Friday, 9 April 2021

2034

Just beyond the scope of my recent WWIII reads, we come to the not too distant future with a thriller set in the year 2034. The novel was written by Elliot Ackerman and Admiral James Stavridis, both had military experience and an insight into the world of the military from the top to the bottom. It made me quite curious to see their views on what a future conflict with a peer competitor might look like.

The novel is, unsurprisingly, set in early 2034, taking place in the South China Sea and Iran at first. It looks at one of the areas of heightened tensions in the world and from there tries to trace a series of events where the two global powers end up in a series of increasing miscalculations and escalations which lead to, if not all out war, then a fairly close approximation of it.

Told through the eyes of USN Captain Sarah Hunt, Marine pilot Major Chris "Wedge" Mitchell, deputy security advisor Sandeep Chowdhury, Revolutionary Guards Brigadier General Qassim Farshad, and finally Peoples Liberation Navy Commander Lin Bao. Through this cast of characters, from diverse and at odds nations, we see truly horrific events unfold in ways we can only hope will never happen.

In 2034 we see the authors being just ambitious enough with the history leading up to these events to engage the reader but not bog them down with geopolitics. We have references to India fighting a brief proxy war with Pakistan, Israel losing control of the Golan Heights, Russia annexing Belarus and much of Ukraine, and Iran engaging in various client state building wars in Iraq, Afghanistan and Syria. The US political system has apparent faced so much gridlock that the president is an independent and an octogenarian Putin still rules Russia, with NATO slowly falling apart in the background. It's enough background to keep an audience engaged, but not so much that you can't hope to understand the world around you.

Looking at these events also helps explain why the United States becomes extremely concerned with face saving measures in the Pacific, rather than potentially concentrating on the broader outcome like further Russian aggression in Europe, Iranian proxy wars and other factors a US which is humiliated by a foreign power might suffer. 

The novel's main premise, and overall cautionary moral, is to chide many American commentators and planners who blithely assume the United States will remain at the top of the technological dog pile. In begins with the Wèn Rui Incident in the South China Sea where unspecified advances in Chinese cyberwarfare capabilities blackout the communications of a small USN flotilla, and swiftly lead to shots fired. Almost concurrently an F-35 is hacked by (supposedly) Iranian forces who force it to land inside Iran and take the pilot hostage. Either incident alone would be enough to trigger a harsh response, both trigger an escalation.

A United States shorn of its usual expectation of technological advantage discovers itself lacking many options it might otherwise employ beyond brute force. Miscalculations in Washington and Beijing each lead to more shots fired in anger, and horrendous consequences ensue. 
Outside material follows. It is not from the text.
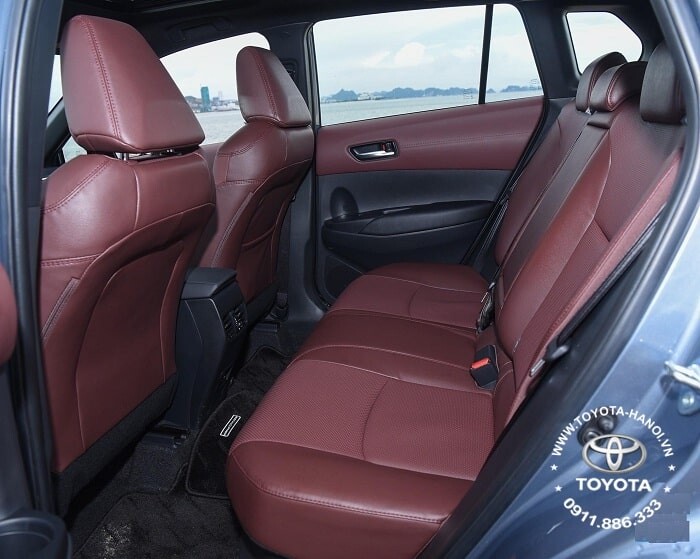 Hàng ghế sau xe Toyota Cross 1.8g màu nâu đỏ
Unlike my previous reads, where combat and technological know-how was highlighted, this book was much more interested in things like exploring nightmares from someone who commanded a losing battle, an old warrior seeing too much and desiring peace, and a political man thrust into a situation he was totally unprepared for and his much more powerful boss has to save face against. That doesn't mean we don't get a look at war, but the action scenes are few and far between, with battles largely being described after the fact. It made for an interesting change of pace and an overall shorter book (300 pages vs the 400-900 of previous reads) that flowed very easily.

That's not to say this was necessarily an improvement. The story, after all, is trying to present a cautionary tale that the US may find itself too dependent on overall technological superiority and lacks any strategic deterrent outside its nuclear arsenal. This did, overall, lead to a very limited look at strategy (the US's potential allies in the Pacific are all absent, and only the potential enemies get mentioned, suggesting something has gone horrifically wrong with international alliance systems) and it did leave me with more than a few questions on that front.

While I understood that the premise of the story would be impossible without the Chinese developing an advantage on some front, it did feel a bit odd that so many of the US's other contemporaries, like India, had completely blindsided it on similar fronts. Not necessarily impossible - the year the war is set is nearly fourteen years away, plenty is possible - but just very convenient for the plot. 

It was an interesting story, but the characters did feel a little thin. Sarah Hunt in particular had some of the most moving moments, but I felt I never really got inside her head the way I did for Wedge, Chowdhury or Farshad. Chowdhury was the most globe trotting character, going between the White House and New Delhi, engaging in delicate political maneuvers and probably having the most "American" outlook by being a proud immigrant and dealing with the backlash many immigrants in similar situations would face. The other characters were fine, but Lin Bao fell almost too far in the territory of a mediocre villain at times. In complete fairness to the novel though, no nation really comes off as a "good guy" in this scenario, with everyone being guided by realpolitik rather than rational policy decisions.

2034 is a chilling piece of future history. Whether you find the scenario realistic or not, it does its best to show how a future war might not be one we're overly familiar with, but no less deadly for all that. An intriguing and cautionary tale which may be well worth your time.